Genelde anneler kendi çocuklarını hiç haksız bulmamalarının nedeni budur. Ancak “Sempati” “Empatinin” yerini tutmaz.

· Genelde anneler çocuklarından bir şey isterken istedikleri şeyin bildikleri için çocuğa da biliyormuş muamelesi yaparlar. Çocukların, hemen dediklerini yapmasını beklerler. Empatiyle dinlemenin derin bir terapi ve tedavi etkisi vardır.
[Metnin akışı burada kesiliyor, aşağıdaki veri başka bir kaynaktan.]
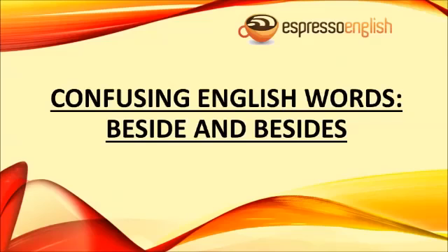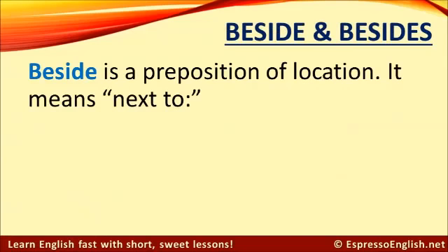Confusing English Words: Beside and Besides, from EspressoEnglish.net. The word 'beside' is a preposition of location. It means next to.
Çünkü çocuğuna “Psikolojik solum” imkânı verir.

· Yapılan araştırmalara göre zor durumda bulunan kişilerle bu kişilerle empati kuranlar, kurmayanlara oranla daha fazla yardımda bulunmaktadır.

Tok bir insanın aç bir insana yardım etmesi için empatik olması gerekir. Yani onunda açlığın ne olduğunu bilmesi gerekir.
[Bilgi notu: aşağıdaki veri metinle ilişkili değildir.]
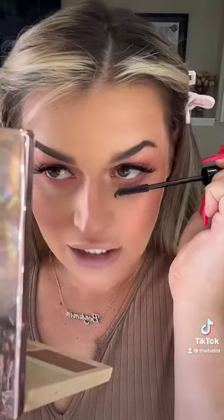More pink. Brown. A little Mad Lash. It's a pink vibe.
· Çocuğumuz bize, ağlayarak, gülerek, üzgün suskun ya da heyecanlı bir şekilde geldiğinde. “O anki durumumuza göre değil de” “Ben çocuk olsaydım ve annemin karşısına bu duygularla gitseydim onun bana ne söylemesini ya da ne yapmasını isterdim” diye düşünerek bir yaklaşımda bulunursak çocuğumuzla empatik bir ilişkiyi başlatmış oluruz.

· Empati kurarken ona şimdi “Ne söylenelim ne yapmalıyım” yerine “Bu durumda ben olsaydım ne yapılmasını ne söylenmesini isterdim?” Sorusuna cevap bulmaya çalışırsak doğru bir empatik yaklaşımda bulunmaktan zorlanmayız.

 

Dost edinmek için önce dost olmak gerekir.

EMERSON

· Bizler çocuklarımızın bizi anlamasını bekleriz. Örneğin “Sen Benim Yaşıma Gelince Anlarsın” “Anne Olunca Anlarsın” gibi. Burada çocuğumuzun kendisini bizim yerimize koymasını bize karşı bizi anladığını yerimize koymasını bize karşı bizi anladığını gösteren bir davranış sergilemesini bekleriz. Oysa çocuktan bunu beklemek yerine “Şimdi Ben Onun Yerinde Olsaydım Anne ve Babamdan Ne Beklerdim?” Sorusunun cevabını aramalıyız.

İkinci tutum çocuğu anlamaya ve onu eğitmeye yönelik bir yaklaşımdır. Oysa birinci durumda çocuğu köşeye kıstırmaya onu bastırma yaklaşımı vardır. Böyle bir tutum sergilersek çocukta olumlu bir davranış değişikliği olmaz. Çocuk empati kurmaz ben annemin veya babamın yerinde olsam… diye düşünmez. Duygusal olarak köşeye kıstırılan çocuk daha da hırçınlaşır ve inatlaşır.

· Karşımızdaki kişiye bir şey söylediğimiz zaman söylediği şeyleri “Bende akıl edebilirim. Bunları sanki ben düşünmüyormuşum gibi bana söylüyor…” hissini uyandırmamalıyız.

· Eğer anne ya da baba iseniz ve diğer ebeveynlerle birlikte iken çocuğunuzla yaşadığınız bir problemden sıkıntıdan bahsederseniz duyacağınız ilk cümle büyük bir ihtimalle “Ben Bizim Çocuğa Şöyle Davranıyorum Çok Faydasını Gördüm Sende Yap.” Neden böyle bir konuşma yaparız? Karşımızdakini anladığımızı göstermek için. Bunu birde empatik yaklaşımla inceleyelim. Arkadaşlarınızla konuşurken gözünüzün eskisi kadar iyi görmediğinden şikâyet ediyorsunuz. Arkadaşınız da hemen kendi gözlüğünü çıkarıp size uzatıyor “Al Bu Gözlüğü Sen Kullan. Benim Evde Bir Tane Daha Var” Adam arkadaşının gözlüğünü takar ve beklenenin aksine daha kötü görmeye başladığını söyler. Arkadaşı kullanıyorum bana çok iyi geldi sana da mutlaka iyi gelmesi lazım diye ısrar eder. Böyle bir olaya tanık olsanız ne düşünürsünüz? Çok yardımsever iyi niyetli bir insan olduğunu düşünürsünüz. Üstelik kendi gözlüğünü arkadaşına verdiği için cömerttir de. Ancak o uzağı göremiyordur. Oysa arkadaşı yakını göremiyordur. Numaralar tamamen farklıdır. Bu gözlük bana iyi geldi sana da iyi gelmesi gerekir diye ısrar etmenin bir faydası olabilir mi?